Séamus Horgan

Personal information
- Native name: Séamus Ó hOrgáin (Irish)
- Born: 1946 (age 79–80) Tournafulla, County Limerick, Ireland
- Height: 5 ft 11 in (180 cm)

Sport
- Sport: Hurling
- Position: Goalkeeper

Club
- Years: Club
- 1964-1994: Tournafulla

Club titles
- Limerick titles: 0

Inter-county
- Years: County / Apps (scores)
- 1973-1976: Limerick / 9 (0-00)

Inter-county titles
- Munster titles: 2
- All-Irelands: 1
- NHL: 0
- All Stars: 0

= Séamus Horgan =

Irish hurler

Séamus Horgan (born 1946) is an Irish retired hurler who played as a goalkeeper for the Limerick senior team.

Horgan made his first appearance for the team during the 1972-73 National League and was a regular member of the starting fifteen until his retirement after the 1976. During that time he won one All-Ireland Senior Hurling Championship winners' medal and two Munster winners' medals.
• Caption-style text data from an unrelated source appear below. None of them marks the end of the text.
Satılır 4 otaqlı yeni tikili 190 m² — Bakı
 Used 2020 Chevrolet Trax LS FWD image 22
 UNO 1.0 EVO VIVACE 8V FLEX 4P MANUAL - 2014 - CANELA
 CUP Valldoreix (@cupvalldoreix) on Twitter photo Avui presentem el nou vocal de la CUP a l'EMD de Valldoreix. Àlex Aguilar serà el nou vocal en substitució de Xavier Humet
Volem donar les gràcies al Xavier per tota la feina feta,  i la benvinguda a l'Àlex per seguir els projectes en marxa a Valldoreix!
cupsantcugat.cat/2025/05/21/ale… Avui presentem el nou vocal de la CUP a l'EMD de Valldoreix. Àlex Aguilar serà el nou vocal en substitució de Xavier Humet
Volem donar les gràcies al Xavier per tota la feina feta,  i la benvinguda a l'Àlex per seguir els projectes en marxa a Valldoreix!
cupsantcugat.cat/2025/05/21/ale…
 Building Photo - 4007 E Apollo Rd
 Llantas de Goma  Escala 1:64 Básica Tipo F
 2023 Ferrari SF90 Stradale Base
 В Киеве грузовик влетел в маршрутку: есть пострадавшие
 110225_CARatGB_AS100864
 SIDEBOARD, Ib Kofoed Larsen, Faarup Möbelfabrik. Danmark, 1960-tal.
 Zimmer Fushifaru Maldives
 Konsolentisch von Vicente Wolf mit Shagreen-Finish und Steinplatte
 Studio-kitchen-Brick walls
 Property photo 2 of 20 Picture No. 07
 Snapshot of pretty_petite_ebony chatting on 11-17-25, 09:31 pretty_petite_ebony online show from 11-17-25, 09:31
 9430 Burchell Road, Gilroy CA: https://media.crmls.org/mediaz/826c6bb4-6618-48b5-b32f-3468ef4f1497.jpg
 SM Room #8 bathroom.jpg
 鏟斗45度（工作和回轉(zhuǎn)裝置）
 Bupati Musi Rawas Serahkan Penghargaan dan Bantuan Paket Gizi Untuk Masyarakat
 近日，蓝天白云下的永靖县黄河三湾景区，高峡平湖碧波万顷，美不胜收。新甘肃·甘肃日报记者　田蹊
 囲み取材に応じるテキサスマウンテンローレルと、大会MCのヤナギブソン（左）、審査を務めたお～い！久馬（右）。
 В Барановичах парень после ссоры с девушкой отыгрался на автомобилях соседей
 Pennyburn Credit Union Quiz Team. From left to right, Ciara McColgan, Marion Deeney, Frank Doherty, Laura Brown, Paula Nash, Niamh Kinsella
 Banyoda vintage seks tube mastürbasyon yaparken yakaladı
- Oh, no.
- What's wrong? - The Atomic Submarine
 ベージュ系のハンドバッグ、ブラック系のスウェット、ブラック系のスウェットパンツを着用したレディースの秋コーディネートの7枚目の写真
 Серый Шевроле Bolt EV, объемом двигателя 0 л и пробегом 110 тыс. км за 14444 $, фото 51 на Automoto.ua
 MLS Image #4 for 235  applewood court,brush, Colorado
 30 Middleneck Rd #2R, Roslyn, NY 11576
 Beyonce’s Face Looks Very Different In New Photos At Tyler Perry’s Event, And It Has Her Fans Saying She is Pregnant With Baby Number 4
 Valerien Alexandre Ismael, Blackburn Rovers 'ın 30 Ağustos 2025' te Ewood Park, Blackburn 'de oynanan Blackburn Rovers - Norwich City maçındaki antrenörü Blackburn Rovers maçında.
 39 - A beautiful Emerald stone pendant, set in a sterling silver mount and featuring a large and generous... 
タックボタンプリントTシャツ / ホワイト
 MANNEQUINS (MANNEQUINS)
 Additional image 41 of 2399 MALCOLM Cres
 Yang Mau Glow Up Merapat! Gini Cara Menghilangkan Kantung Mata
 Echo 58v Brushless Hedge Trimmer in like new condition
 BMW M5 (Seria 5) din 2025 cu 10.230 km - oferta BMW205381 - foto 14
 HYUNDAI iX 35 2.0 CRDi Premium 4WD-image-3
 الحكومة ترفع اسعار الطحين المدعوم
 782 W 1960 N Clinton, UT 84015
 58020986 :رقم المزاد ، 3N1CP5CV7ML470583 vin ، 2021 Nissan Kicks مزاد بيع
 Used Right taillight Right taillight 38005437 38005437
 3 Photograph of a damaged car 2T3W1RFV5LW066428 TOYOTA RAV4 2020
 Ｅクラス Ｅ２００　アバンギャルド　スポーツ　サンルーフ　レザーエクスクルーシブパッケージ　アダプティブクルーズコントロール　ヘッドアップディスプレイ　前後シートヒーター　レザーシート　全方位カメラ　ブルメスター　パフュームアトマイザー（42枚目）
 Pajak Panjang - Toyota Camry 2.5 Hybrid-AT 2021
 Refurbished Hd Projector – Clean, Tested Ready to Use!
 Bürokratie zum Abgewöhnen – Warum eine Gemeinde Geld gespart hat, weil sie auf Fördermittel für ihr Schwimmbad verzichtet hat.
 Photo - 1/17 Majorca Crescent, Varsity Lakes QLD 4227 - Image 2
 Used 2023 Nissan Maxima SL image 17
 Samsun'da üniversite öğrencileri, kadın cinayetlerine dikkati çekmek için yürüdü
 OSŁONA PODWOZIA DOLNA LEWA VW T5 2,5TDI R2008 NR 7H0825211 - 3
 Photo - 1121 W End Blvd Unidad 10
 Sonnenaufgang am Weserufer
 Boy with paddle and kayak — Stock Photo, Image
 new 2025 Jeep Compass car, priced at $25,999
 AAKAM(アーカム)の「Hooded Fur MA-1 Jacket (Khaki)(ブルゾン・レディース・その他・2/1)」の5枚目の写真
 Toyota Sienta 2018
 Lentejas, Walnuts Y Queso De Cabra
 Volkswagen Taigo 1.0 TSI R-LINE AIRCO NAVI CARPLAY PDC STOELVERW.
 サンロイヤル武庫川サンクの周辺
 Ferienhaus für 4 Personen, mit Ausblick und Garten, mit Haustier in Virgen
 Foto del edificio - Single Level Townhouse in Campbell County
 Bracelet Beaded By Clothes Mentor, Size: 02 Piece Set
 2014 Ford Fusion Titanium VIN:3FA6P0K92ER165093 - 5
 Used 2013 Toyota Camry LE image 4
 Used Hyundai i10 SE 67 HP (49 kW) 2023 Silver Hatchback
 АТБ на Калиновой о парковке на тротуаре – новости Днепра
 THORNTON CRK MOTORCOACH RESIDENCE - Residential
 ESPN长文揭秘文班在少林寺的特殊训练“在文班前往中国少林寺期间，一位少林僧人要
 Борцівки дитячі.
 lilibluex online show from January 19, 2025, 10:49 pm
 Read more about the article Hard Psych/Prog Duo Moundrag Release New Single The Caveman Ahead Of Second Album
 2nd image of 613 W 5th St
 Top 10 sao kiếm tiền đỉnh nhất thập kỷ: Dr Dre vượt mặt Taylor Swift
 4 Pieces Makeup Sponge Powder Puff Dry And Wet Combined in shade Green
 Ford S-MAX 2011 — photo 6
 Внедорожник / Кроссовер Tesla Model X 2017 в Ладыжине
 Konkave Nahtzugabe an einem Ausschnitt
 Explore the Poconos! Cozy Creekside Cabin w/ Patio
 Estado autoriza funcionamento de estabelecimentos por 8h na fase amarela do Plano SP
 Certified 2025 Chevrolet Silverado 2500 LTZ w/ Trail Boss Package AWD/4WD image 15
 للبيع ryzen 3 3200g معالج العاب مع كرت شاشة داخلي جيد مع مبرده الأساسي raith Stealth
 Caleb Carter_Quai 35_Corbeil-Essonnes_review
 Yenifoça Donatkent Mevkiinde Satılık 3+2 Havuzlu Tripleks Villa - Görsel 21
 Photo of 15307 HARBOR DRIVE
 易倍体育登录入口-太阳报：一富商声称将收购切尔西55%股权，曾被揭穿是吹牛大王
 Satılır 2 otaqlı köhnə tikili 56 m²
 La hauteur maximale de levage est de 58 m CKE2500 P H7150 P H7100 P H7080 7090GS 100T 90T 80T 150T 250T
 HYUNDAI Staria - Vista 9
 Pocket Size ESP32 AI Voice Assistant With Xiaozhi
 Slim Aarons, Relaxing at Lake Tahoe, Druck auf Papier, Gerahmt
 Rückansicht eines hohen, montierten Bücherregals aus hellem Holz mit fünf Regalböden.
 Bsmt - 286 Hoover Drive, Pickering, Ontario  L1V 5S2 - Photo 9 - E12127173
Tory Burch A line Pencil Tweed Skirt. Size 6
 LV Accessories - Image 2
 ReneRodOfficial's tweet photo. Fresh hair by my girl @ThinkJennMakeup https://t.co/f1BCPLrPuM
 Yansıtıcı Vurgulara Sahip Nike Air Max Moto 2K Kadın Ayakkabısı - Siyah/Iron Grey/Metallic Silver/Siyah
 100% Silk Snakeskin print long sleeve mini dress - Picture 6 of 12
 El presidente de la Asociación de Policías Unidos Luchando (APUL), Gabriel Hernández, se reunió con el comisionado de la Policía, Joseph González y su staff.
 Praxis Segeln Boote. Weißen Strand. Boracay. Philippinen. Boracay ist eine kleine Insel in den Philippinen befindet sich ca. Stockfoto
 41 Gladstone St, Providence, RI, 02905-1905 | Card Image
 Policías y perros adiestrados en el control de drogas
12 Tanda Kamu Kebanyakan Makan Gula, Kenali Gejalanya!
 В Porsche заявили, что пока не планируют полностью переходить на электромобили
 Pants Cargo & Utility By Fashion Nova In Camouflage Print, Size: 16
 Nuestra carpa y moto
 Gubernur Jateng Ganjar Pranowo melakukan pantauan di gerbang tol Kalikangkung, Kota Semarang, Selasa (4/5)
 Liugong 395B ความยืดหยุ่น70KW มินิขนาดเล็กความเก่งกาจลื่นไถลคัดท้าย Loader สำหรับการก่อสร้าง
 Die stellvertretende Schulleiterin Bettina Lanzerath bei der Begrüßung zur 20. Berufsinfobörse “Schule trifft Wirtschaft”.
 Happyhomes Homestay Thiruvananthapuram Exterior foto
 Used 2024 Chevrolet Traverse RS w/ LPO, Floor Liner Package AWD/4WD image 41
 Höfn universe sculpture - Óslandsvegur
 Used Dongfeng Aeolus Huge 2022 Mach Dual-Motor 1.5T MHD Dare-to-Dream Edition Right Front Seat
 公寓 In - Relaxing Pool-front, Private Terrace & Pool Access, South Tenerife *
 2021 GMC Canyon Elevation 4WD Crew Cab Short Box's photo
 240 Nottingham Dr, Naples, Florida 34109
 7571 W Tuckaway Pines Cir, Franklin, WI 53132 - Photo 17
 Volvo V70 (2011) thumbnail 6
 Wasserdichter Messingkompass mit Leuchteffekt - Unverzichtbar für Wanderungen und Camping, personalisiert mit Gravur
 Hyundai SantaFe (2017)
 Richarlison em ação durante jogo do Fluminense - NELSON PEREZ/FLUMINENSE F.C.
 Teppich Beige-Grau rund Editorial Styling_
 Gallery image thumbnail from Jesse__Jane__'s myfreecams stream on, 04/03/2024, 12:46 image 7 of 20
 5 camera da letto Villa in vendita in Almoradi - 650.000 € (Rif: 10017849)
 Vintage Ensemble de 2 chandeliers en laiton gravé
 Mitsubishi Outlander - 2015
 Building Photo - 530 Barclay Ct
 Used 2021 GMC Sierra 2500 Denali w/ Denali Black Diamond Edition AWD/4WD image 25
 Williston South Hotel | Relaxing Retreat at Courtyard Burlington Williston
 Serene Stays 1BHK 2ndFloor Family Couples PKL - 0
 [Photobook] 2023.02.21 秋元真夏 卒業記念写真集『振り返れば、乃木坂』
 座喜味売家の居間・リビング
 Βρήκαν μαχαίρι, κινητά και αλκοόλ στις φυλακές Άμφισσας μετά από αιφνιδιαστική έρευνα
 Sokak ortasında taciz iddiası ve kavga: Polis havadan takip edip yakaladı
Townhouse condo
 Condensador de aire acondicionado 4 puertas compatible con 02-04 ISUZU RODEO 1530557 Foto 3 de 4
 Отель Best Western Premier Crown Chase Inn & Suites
At club level Horgan played with Tournafulla in a career that spanned four decades.

==Playing career==

===Club===

Horgan played his club hurling with his local Tournafulla club. He enjoyed some success as he minded the Tournafulla net for four decades. One of his last games was a county final at intermediate level in 1994 when Horgan was 48 years old.

===Inter-county===

Horgan first came to prominence as a member of the Limerick senior inter-county team in the early 1970s. He took over in the number one position in the 1972-73 National Hurling League which Limerick lost to Wexford. In spite of this loss Limerick went on to win the Munster Championship for the first time since 1955, giving Horgan his first provincial medal. Limerick later faced Kilkenny in the All-Ireland final, however, the Munster champions were burdened with the underdogs tag. In spite of this Limerick powered to a seven-point victory, giving Horgan an All-Ireland medal.

In 1974 Horgan won a second consecutive Munster title before lining out in a second consecutive All-Ireland final. Once again Kilkenny provided the opposition. Limerick stormed to an early lead, however, a Pat Delaney shot from midfield bounced on the wet Croke Park surface and between Horgan's legs for a goal. Two more goals for Kilkenny put an end to Limerick's hopes of victory as 'the Cats' emerged the winners by twelve points.

Horgan continued hurling at inter-county level until 1976 when he was replaced by Tommy Quaid.

===Inter-provincial===

Horgan was sub-goalkeeper to Séamus Durack on the Munster team that lost the Railway Cup final to Leinster in 1974.